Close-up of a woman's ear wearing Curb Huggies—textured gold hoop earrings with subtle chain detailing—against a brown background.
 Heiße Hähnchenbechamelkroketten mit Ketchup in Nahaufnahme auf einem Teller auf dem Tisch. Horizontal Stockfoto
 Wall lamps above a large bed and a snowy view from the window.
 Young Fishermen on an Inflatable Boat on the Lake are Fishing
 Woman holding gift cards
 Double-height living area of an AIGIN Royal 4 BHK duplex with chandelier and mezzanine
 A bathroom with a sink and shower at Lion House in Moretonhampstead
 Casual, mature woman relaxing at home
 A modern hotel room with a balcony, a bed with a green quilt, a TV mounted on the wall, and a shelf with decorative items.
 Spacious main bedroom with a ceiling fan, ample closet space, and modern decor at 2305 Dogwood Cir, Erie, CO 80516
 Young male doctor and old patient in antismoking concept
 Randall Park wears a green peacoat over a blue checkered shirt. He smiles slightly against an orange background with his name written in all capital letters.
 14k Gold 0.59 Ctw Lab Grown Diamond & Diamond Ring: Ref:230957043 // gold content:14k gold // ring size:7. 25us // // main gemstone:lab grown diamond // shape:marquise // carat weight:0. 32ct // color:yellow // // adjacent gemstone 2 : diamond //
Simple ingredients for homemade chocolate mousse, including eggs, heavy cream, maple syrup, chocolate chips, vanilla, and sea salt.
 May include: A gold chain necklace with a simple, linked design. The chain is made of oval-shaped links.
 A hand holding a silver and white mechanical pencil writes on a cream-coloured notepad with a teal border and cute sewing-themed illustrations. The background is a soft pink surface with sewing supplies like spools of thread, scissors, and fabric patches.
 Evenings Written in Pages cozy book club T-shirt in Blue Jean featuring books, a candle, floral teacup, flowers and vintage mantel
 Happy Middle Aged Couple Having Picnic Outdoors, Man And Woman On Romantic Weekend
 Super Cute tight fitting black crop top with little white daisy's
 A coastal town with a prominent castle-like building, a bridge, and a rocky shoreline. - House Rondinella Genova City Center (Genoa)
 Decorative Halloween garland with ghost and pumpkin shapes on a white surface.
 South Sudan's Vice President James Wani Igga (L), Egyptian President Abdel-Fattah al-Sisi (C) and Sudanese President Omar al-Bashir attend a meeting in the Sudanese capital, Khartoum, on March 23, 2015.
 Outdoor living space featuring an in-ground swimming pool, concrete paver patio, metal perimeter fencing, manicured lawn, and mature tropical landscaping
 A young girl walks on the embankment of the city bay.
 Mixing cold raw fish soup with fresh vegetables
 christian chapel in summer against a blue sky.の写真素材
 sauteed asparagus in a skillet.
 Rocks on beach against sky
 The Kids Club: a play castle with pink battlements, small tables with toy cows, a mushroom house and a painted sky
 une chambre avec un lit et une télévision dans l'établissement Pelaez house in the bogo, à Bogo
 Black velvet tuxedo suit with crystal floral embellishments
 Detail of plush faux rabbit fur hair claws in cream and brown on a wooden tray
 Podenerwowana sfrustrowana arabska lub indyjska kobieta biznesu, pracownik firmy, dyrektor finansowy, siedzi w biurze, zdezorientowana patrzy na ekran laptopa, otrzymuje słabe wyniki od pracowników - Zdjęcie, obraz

+---+

Set down, exactly as they stand above, the lines starting with the line with "Happy Middle Aged" and going on through the line with "South Sudan's Vice", and no others.

 Happy Middle Aged Couple Having Picnic Outdoors, Man And Woman On Romantic Weekend
 Super Cute tight fitting black crop top with little white daisy's
 A coastal town with a prominent castle-like building, a bridge, and a rocky shoreline. - House Rondinella Genova City Center (Genoa)
 Decorative Halloween garland with ghost and pumpkin shapes on a white surface.
 South Sudan's Vice President James Wani Igga (L), Egyptian President Abdel-Fattah al-Sisi (C) and Sudanese President Omar al-Bashir attend a meeting in the Sudanese capital, Khartoum, on March 23, 2015.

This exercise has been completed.